Manuel Jabois. Foto: José Aymá
Ese ángulo humorístico se mantiene durante todo el libro, con excepción de la trascendencia y belleza con la que el autor nos narra la muerte y entierro del abuelo (ese hombre generoso y de "vitalidad exagerada") y la seriedad de un final, menos logrado, con moralina en torno a la paternidad plenamente asumida. Jabois -con una escritura cuidada, limpia y directa- viaja con su protagonista hacia atrás en el tiempo para relatar los momentos convulsos de un primer divorcio, sus inicios como periodista de provincias, sus progresos en la prensa de la capital y cómo conoció a su segunda esposa en una playa gallega (Ana, la que sería madre de Manu), detalles amorosos que trata con una mezcla medida de humor y lirismo. La obra tiene mucho de retrato autobiográfico, pero también generacional: contiene la denuncia de los proyectos que uno realmente puede hacer en estos tiempos. Ya no sirven "planes lentos, un esquema privado y sencillo de la propia vida".

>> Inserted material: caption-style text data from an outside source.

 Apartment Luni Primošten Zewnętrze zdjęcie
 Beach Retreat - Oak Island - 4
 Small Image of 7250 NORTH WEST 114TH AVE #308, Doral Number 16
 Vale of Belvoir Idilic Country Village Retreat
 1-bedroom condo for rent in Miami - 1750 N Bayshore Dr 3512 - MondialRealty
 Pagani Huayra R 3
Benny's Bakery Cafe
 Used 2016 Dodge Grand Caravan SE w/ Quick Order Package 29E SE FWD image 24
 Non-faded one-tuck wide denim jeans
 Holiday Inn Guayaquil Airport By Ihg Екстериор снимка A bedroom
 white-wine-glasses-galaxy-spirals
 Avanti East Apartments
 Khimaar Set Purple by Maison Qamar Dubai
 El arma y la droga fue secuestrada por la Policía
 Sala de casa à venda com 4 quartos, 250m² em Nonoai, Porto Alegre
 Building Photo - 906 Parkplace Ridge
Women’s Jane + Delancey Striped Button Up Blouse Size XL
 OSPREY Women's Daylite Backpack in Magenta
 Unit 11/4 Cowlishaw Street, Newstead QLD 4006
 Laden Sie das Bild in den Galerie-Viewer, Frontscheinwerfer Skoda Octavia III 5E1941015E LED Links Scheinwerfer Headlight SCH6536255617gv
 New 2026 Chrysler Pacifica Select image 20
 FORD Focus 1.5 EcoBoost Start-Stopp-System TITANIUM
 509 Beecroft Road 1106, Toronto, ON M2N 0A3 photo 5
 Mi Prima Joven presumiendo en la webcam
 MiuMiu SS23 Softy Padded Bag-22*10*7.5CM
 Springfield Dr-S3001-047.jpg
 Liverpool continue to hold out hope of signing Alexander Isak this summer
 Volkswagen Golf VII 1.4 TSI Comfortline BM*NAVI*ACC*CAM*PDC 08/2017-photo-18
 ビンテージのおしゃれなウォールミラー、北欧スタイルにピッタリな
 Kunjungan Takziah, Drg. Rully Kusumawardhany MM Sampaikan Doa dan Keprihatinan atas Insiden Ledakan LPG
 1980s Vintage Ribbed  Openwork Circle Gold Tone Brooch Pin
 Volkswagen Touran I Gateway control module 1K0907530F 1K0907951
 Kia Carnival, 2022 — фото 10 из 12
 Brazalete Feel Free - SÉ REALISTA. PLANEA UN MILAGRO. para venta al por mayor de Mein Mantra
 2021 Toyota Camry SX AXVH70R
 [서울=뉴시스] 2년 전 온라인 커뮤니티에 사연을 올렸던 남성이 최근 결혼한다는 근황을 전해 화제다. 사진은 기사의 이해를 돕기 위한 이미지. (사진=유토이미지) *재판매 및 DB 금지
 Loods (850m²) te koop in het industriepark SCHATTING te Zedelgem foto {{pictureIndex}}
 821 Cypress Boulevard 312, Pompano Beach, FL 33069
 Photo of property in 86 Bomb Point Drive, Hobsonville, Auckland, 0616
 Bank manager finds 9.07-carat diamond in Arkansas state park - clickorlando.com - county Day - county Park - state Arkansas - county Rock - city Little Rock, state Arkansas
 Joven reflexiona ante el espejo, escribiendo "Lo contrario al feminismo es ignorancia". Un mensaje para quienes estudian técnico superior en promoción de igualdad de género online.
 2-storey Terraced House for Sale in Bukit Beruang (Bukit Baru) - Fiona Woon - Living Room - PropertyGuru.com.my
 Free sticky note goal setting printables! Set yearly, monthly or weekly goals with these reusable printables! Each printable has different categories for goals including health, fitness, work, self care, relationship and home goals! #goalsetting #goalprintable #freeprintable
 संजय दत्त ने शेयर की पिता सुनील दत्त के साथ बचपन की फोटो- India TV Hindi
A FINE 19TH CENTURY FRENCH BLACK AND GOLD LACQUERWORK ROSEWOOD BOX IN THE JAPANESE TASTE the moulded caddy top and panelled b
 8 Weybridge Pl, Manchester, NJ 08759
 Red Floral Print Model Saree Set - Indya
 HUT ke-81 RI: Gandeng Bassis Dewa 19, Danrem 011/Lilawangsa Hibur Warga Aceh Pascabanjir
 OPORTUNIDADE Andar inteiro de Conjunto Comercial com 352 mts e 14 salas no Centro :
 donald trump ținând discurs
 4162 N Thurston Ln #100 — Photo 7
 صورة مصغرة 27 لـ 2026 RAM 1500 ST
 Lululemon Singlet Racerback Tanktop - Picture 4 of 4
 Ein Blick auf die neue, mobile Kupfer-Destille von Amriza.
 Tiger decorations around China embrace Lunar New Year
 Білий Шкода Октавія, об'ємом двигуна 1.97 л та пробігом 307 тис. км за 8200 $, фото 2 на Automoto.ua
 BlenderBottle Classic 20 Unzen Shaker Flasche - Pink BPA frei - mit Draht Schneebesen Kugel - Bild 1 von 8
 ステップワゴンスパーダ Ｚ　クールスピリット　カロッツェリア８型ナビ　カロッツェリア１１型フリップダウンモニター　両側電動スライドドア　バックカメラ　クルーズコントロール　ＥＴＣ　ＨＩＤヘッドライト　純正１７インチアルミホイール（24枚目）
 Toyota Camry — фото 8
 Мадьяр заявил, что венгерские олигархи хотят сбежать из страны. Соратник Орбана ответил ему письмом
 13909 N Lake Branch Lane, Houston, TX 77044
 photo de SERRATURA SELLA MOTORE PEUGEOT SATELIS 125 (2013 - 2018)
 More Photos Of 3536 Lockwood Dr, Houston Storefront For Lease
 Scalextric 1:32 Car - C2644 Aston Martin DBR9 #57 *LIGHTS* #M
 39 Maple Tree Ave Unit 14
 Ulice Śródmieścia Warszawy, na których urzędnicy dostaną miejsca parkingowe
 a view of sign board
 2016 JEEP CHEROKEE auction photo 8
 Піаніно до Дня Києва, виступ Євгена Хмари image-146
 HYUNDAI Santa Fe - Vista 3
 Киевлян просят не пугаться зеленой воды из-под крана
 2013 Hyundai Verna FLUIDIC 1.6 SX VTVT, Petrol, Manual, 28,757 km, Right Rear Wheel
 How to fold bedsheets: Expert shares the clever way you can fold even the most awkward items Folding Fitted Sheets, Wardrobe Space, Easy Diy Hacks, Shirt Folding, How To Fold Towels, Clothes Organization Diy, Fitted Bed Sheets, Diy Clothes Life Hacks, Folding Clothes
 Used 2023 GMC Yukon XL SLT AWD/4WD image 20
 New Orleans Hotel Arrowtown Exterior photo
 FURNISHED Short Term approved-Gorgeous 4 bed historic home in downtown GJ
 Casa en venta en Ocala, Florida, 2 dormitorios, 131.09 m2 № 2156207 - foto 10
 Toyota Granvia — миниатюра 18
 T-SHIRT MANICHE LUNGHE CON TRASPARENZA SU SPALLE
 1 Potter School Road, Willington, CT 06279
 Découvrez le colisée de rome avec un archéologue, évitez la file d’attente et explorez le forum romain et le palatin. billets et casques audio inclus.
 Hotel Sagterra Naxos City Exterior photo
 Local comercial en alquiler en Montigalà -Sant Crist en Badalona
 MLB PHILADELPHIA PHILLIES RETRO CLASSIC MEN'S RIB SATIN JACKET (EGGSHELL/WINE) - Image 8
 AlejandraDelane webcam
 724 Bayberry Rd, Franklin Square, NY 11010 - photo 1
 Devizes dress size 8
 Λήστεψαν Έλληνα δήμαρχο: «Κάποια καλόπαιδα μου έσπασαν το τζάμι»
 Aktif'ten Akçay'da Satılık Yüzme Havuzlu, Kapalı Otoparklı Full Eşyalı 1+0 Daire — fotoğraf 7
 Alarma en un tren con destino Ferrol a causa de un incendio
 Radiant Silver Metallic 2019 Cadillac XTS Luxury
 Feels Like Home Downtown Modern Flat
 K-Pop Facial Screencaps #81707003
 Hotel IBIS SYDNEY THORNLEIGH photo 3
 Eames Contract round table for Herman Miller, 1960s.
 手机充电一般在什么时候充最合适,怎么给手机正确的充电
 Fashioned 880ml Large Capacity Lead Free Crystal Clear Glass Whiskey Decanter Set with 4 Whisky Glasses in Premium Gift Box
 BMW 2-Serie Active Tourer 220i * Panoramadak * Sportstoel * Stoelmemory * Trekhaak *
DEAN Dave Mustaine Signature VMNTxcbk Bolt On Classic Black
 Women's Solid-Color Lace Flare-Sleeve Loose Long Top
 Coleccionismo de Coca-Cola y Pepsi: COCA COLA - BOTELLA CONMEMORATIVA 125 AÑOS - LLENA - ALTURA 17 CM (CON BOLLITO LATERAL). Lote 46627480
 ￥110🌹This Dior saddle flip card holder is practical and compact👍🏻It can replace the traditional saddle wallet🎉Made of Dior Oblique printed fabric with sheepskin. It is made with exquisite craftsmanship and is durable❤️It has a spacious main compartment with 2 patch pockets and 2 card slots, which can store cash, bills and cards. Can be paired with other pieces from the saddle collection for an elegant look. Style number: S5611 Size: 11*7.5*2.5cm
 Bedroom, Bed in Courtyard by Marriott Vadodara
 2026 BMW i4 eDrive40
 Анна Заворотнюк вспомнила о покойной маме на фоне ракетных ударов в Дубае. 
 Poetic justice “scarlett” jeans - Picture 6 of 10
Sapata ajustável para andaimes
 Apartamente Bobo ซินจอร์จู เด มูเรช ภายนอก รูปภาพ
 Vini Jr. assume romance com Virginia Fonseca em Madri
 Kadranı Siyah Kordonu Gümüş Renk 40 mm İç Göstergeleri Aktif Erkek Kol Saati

Su cinismo inicial se oxigena con la caricatura que hace de sí mismo. La comicidad de Jabois recuerda al humor naif del Martín Casariego de los 80-90. Comparten ambos ese sacarle gracia y partido a lo cotidiano y a las ridículas situaciones que la vida propicia. No falta el agradecimiento y la admiración por los colegas de profesión que lo ayudaron, y un retrato colateral del mundo del periodismo y la cultura. Tomar Madrid, hacerse un hueco profesional, el esfuerzo por lograr el brillo de una buena columna… son cuestiones que Jabois aborda con los pies en la tierra y mostrando buen ojo para los detalles de época. El protagonista es un hombre vital, que se mueve con el mismo desparpajo con el que el autor escribe y que, lejos de sentirse héroe, confiesa que "todos los éxitos de mi vida se deben a que en los momentos decisivos siempre me temblaron las piernas".